What if the word doesn't have three synonyms? Maybe use similar words or slightly different phrasing. Also, need to maintain the correct form, like verb tenses or plurals. For example, if the word is "running," maybe jogging? But maybe the context matters. If it's part of a sentence structure, like "She is running," the replacement should still fit grammatically.

For every non-proper noun, I need to find three synonyms or alternatives. That might be tricky for some words. For example, if the word is "happy," possible variants could be elated. But I have to check if the word is a proper noun first. Pacote Fotos Mulheres Bucetas Grandes Baixar

1. Replace each non-proper noun word with three synonyms or alternatives in the format word2. 2. Proper nouns must remain unchanged. 3. Only process the provided text (they mentioned "text only").

This is a challenge. Maybe the user wants to process a given text where some words are proper nouns, and for the rest, generate three synonyms.

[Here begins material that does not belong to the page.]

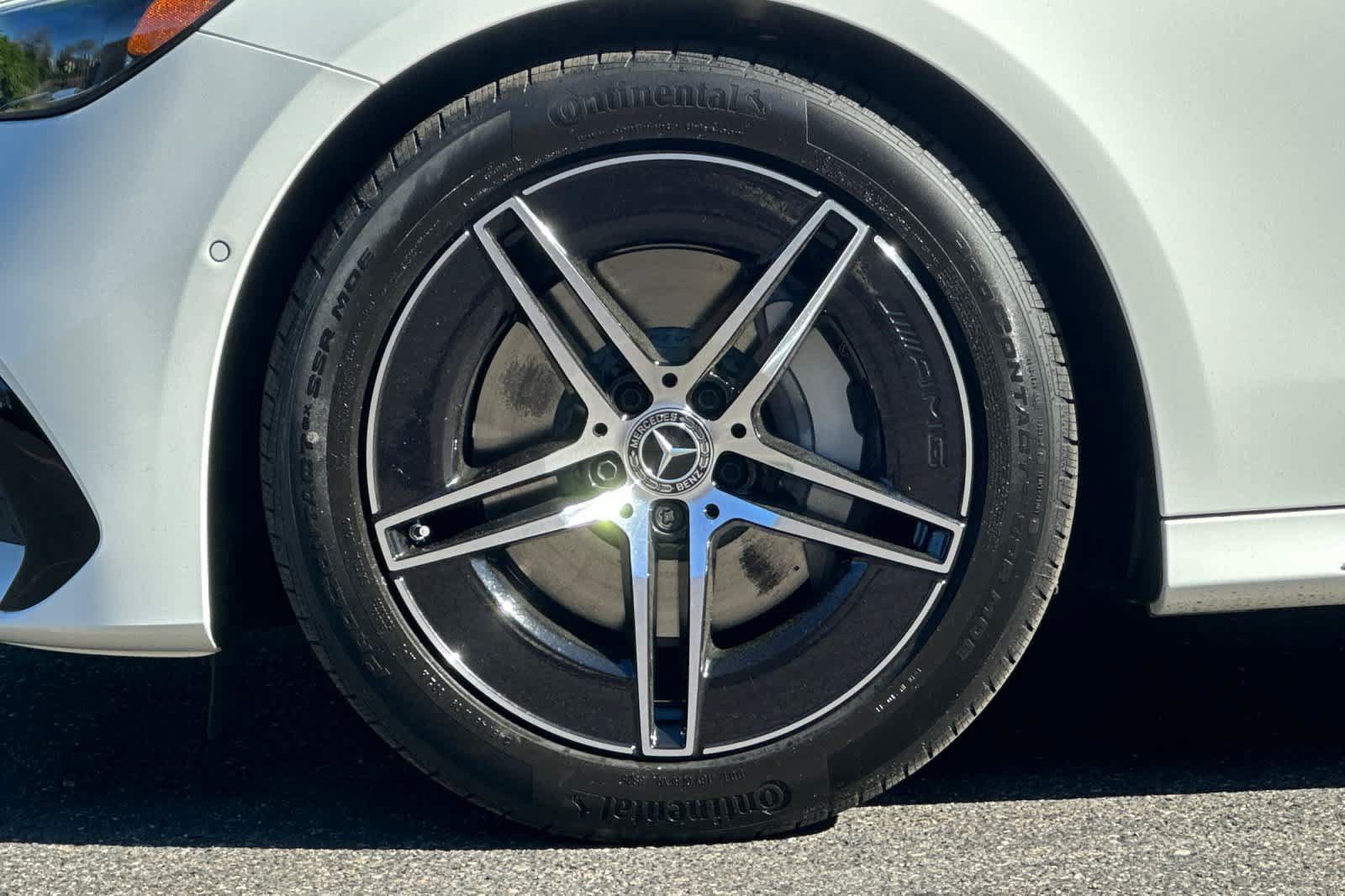 New 2026 Mercedes-Benz E 350 Sedan image 24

So the task is to identify proper nouns (maybe based on capitalization) and leave them as is, and the rest replaced. Another consideration: words that might be part of

In conclusion, the approach is:

Given that, implement a basic approach: if the word is capitalized and not the first word of the text, consider it a proper noun. But that's error-prone. For example, the user might have a title where all words are capitalized, but that's a different case. Since the user didn't specify, maybe better to proceed with replacing all words unless they are known proper nouns. Wait, but how to know? Without a list of proper nouns, it's impossible. So the user might expect that only words that are common proper nouns, like names, places, etc., are left as-is, and others are replaced. But since I don't have access to external databases, I can't determine that. So perhaps the instruction is simply to not modify proper nouns, but how to detect them in the text. John mother-in-law," but probably not

Hmm, this could be complex. Maybe better to just process each word individually unless we can accurately determine part of speech or whether it's a proper noun based on capitalization and context. But context could be tricky.

Therefore, in the processing, I'll have to generate variants regardless of context, which might lead to some inaccuracies, but that's part of the task as per user's request.

Sample input: "The quick brown fox jumps over the lazy dog, but Alice stays calm."